Реферат: Cognitive aspects of lexicon in the light of the language picture of the world
Looking at the 3-way solution in more detail, in Italian, the concept horse is in the same cluster with objects and body parts (as opposed to German, where the solution is perfect). The misclassification results mainly from the fact that for horse a lot of functional properties were obtained (which is a feature of objects), but none of them for the other animals in the Italian data.
In German, some functional properties were assigned to both horse and dog, which might explain why it was not misclassified there.
To conclude, the type profiles associated with animals, vegetables and objects/body parts have enough internal coherence that they robustly identify these macro-classes in both languages. Interestingly, a 3-way distinction of this sort – excluding body parts – is seen as fundamental on the basis of neuro-cognitive data by Caramazza and Shelton (1998). On the other hand, we did not find evidence that more granular distinctions could be made based on the few (6) and very general types we used. We plan to explore the distribution across the remaining types in the future (preliminary clustering experiments show that much more nuanced discriminations, even among all 10 categories, can be made if we use all types). However, for our applied purposes, it is sensible to focus on relatively coarse but well-defined classes, and on just a few common relation types (alternatively, we plan to combine types into superordinate ones, e. g. external and internal quality). This should simplify both the automatic harvesting of corpus-based properties of the target types and the structuring of the dictionary relational interface.
Finally, the peculiar object-like behaviour of body parts on the one hand, and the special nature of horse, on the other, should remind us of how concept classification is not a trivial task, once we try to go beyond the most obvious categories typically studied by cognitive scientists – animals, plants, manipulable tools. In a lexicographic perspective, this problem cannot be avoided, and, indeed, the proposed approach should scale in difficulties to even trickier domains, such as those of actions or emotions.
Conclusion
This research is part of a project that aims to investigate the cognitive salience of semantic relations for (pedagogical) lexicographic purposes. The resulting most salient relations are to be used for revising and adding to the word field entries of a multilingual electronic dictionary in a language learning environment.
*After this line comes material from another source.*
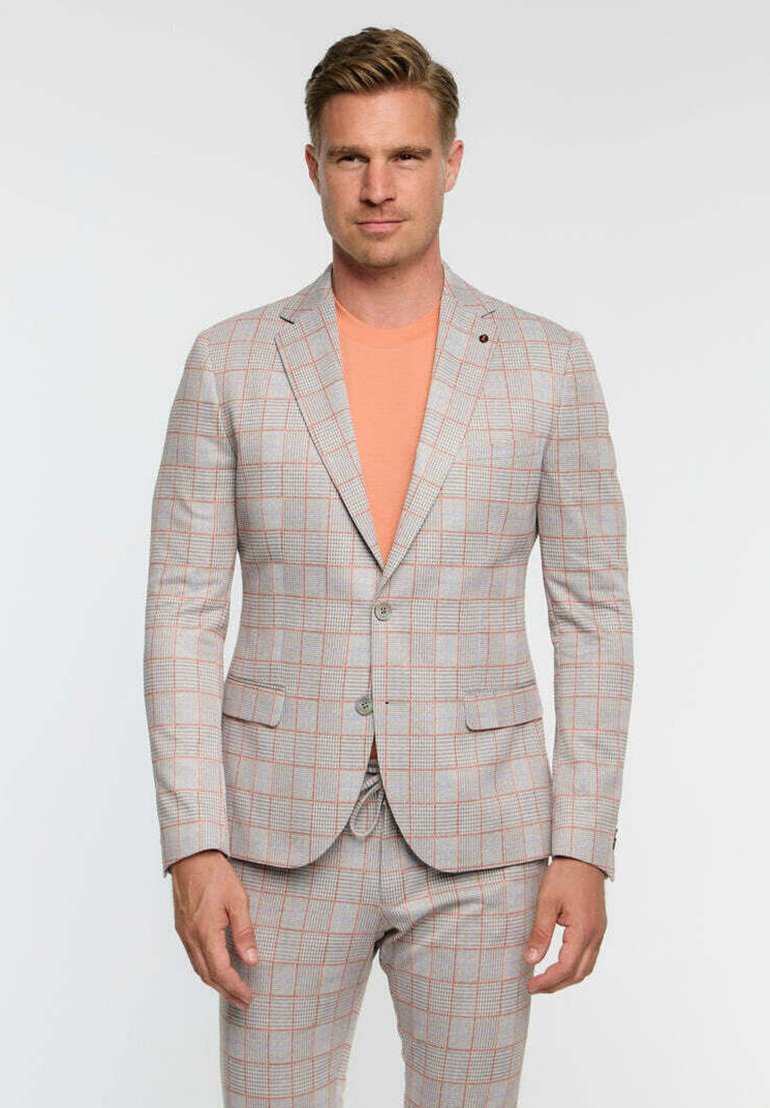 Пиджак-блейзер DINICK Zuitable, бежевый
Пиджак-блейзер DINICK Zuitable, бежевый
We presented a multi-lingual concept description experiment. Participants produced different semantic relation type patterns across concept classes. Moreover, these patterns were robust across the two native languages studied in the experiment – even though a closer look at the data suggested that linguistic constraints might affect (verbalisations of) conceptual representations (and thus, to a certain extent, which properties are produced). This is a promising result to be used for automatically harvesting semantically related words for a given lexical entry of a concept class.
However, the granularity of concept classes has to be defined. In addition, to yield a larger number of usable data for the analysis, a re-mapping of the rare semantic relation types occurring in the actual data set should be conducted. Moreover, the stimuli set will have to be expanded to include, e. g., abstract concepts – although we hope to mine some abstract concept classes on the basis of the properties of our concept set (colors, for example, could be characterized by the concrete objects of which they are typical).
To complement the production experiment results, we aim to conduct an experiment which investigates the perceptual salience of the produced semantic relations (and possibly additional ones), in order to detect inconsistencies between generation and retrieval of salient properties. If, as we hope, we will find that essentially the same properties are salient for each class across languages and both in production and perception, we will then have a pretty strong argument to suggest that these are the relations one should focus on when populating multi-lingual dictionaries.
Of course, the ultimate test of our approach will come from empirical evidence of the usefulness of our relation links to the language learner. This is, however, beyond the scope of the current project.